* WHAT THIS TASK INVOLVES: Search the entries below for the word "Gold", then copy each line in which it is found.

* MATERIAL FOR THIS TASK:
━━━━━━━━━━

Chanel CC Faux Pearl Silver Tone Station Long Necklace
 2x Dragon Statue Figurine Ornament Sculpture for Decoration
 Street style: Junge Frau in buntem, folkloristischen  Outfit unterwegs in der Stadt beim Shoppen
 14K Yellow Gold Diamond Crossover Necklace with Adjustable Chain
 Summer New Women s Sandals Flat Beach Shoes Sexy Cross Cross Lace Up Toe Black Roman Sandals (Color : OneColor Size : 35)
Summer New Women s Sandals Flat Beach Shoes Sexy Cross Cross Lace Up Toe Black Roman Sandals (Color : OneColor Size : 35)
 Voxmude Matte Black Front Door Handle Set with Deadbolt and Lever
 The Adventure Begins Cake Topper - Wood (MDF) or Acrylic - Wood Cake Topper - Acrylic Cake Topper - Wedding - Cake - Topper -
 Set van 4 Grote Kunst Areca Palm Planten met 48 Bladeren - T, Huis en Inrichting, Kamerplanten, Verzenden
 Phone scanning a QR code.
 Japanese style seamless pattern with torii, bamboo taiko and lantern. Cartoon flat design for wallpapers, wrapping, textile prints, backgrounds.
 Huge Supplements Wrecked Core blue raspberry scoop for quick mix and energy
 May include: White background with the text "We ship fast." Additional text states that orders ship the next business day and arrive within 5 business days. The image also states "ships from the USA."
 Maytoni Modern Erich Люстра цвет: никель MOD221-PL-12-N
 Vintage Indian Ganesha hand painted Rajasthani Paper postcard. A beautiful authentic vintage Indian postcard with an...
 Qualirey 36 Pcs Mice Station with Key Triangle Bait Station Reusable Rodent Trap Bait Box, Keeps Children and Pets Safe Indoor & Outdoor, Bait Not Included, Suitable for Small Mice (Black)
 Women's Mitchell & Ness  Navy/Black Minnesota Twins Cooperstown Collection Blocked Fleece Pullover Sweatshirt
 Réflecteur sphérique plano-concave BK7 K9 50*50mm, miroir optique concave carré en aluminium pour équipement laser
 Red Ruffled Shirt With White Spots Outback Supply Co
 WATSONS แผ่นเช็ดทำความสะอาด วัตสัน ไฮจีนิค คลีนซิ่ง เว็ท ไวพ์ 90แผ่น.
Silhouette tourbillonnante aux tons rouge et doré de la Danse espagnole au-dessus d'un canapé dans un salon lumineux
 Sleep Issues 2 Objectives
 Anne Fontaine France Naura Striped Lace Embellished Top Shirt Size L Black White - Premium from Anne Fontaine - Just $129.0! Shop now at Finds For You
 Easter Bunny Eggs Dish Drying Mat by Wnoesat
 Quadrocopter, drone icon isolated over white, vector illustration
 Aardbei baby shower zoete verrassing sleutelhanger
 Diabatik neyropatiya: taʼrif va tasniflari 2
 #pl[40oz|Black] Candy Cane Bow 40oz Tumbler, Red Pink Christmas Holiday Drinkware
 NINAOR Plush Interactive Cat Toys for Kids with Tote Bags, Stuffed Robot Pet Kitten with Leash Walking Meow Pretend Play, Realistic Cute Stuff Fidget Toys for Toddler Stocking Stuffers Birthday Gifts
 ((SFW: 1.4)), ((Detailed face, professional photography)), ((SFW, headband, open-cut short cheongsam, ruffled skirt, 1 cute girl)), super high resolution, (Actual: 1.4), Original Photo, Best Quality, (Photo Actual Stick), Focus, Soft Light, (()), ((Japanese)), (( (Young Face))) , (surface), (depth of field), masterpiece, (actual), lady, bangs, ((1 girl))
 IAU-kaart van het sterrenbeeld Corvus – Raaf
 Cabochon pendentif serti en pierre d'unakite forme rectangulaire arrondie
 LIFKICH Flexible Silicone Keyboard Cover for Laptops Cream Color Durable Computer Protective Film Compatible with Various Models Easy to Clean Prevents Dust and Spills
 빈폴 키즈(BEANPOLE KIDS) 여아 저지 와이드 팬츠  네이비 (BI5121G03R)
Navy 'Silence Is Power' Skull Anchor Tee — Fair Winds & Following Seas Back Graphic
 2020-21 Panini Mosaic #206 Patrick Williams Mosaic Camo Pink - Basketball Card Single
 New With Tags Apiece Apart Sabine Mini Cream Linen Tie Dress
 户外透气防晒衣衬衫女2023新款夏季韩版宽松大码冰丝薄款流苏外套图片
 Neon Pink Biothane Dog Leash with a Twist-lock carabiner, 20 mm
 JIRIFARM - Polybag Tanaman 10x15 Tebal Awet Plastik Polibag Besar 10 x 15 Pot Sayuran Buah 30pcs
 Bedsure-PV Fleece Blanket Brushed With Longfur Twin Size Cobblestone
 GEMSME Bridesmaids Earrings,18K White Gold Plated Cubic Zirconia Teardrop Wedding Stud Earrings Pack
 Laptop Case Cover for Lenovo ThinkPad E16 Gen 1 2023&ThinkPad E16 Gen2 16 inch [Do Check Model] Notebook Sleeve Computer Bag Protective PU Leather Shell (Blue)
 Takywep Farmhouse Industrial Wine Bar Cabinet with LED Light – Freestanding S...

━━━━━━━━━━

* SOLUTION TO THIS TASK:
 14K Yellow Gold Diamond Crossover Necklace with Adjustable Chain
 GEMSME Bridesmaids Earrings,18K White Gold Plated Cubic Zirconia Teardrop Wedding Stud Earrings Pack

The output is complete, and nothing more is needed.